● TASK TO COMPLETE
Look through the data below for the line with "male inverted nipples 99244083" and the line with "Sankara Nethralaya Atlas", then transcribe exactly from the first through the second, leaving out all pictures.

● AVAILABLE RECORDS

>>>>>

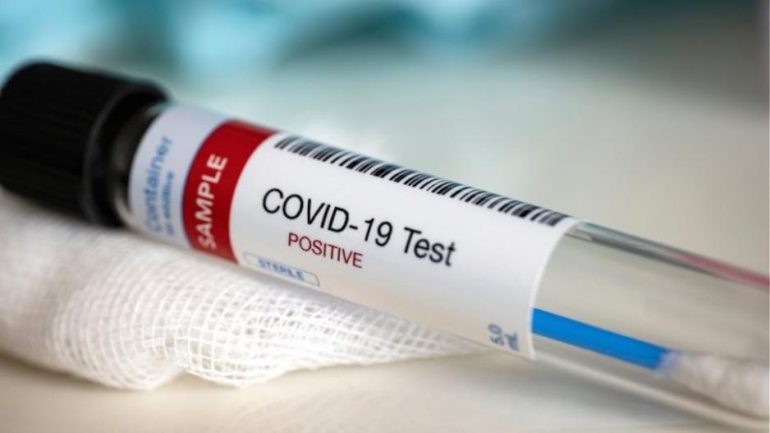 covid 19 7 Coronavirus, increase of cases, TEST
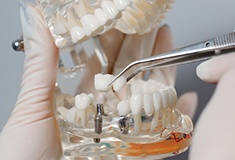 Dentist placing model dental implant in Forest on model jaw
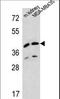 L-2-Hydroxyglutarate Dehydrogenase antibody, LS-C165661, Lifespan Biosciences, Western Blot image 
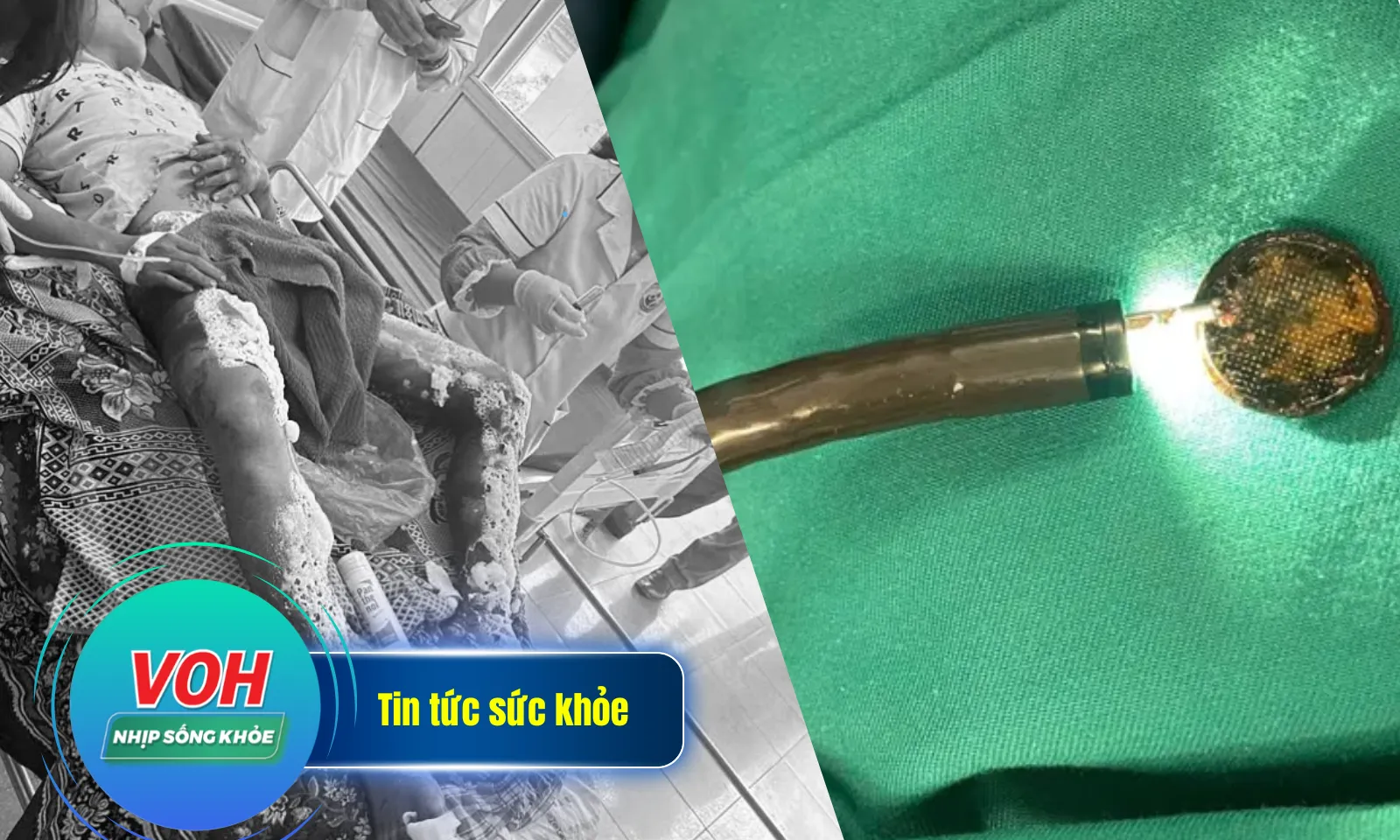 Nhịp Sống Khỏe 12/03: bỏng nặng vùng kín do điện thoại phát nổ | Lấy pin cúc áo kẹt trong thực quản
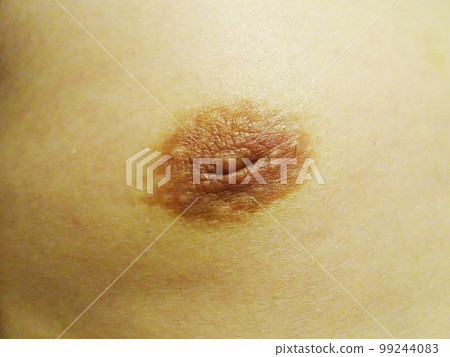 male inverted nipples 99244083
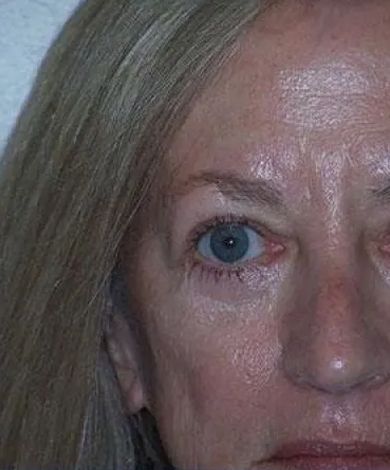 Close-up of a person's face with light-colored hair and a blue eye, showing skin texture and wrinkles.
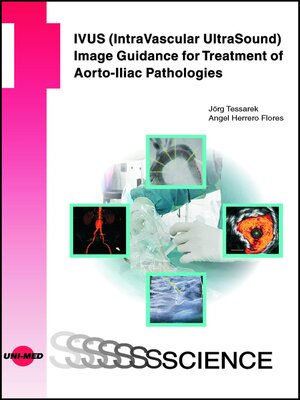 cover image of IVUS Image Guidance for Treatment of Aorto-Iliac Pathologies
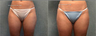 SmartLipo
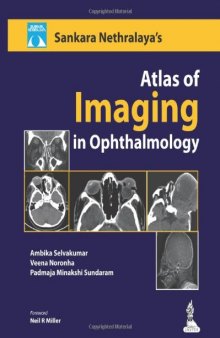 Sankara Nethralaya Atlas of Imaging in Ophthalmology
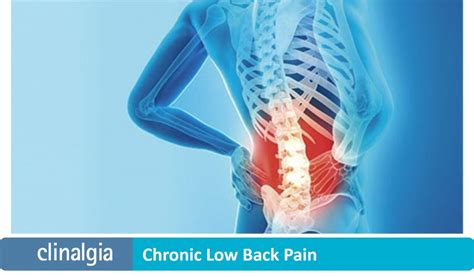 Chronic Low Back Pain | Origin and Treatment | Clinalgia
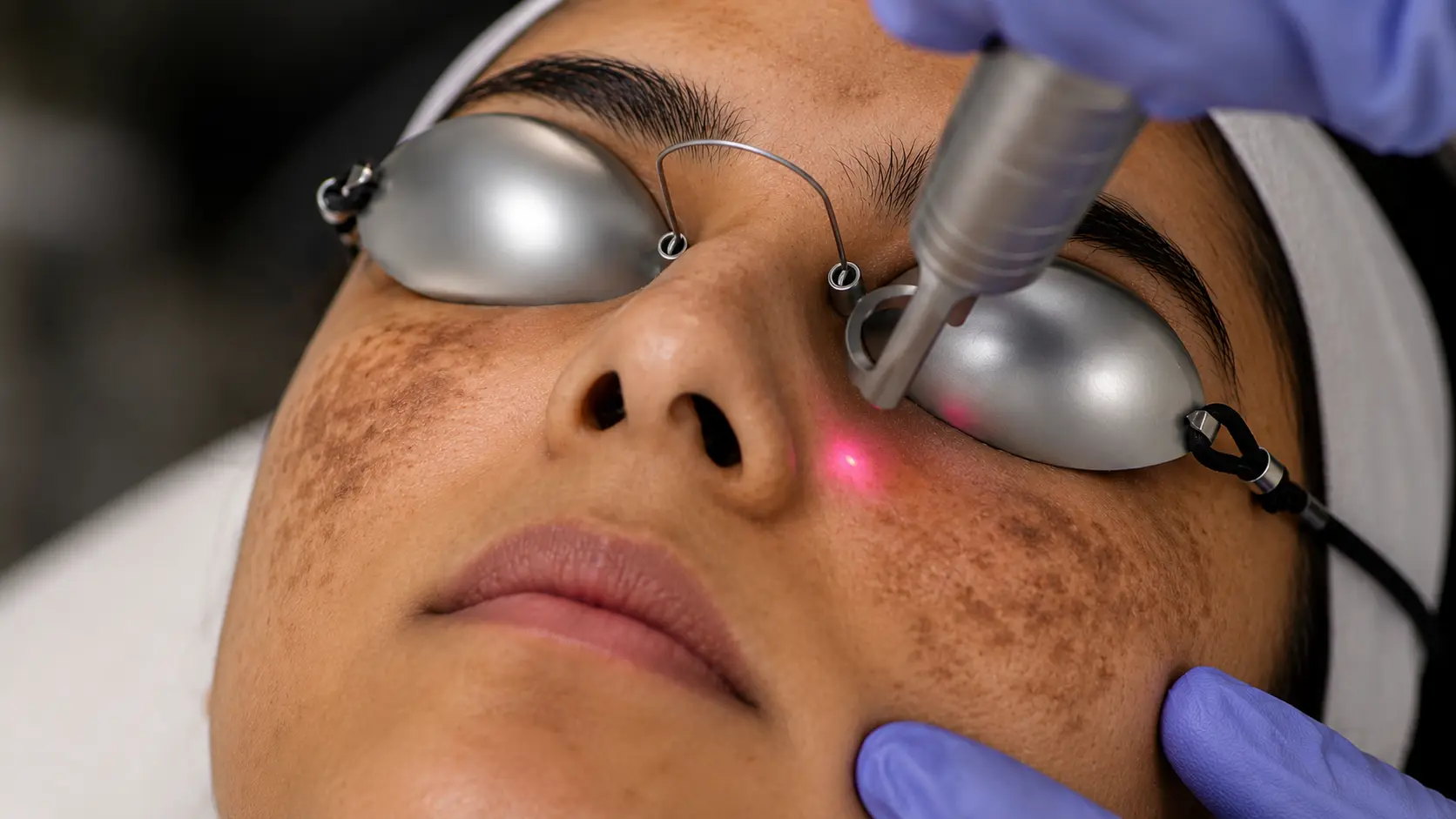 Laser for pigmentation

<<<<<

● WRITTEN RESPONSE
 male inverted nipples 99244083
 Close-up of a person's face with light-colored hair and a blue eye, showing skin texture and wrinkles.
 cover image of IVUS Image Guidance for Treatment of Aorto-Iliac Pathologies
 SmartLipo
 Sankara Nethralaya Atlas of Imaging in Ophthalmology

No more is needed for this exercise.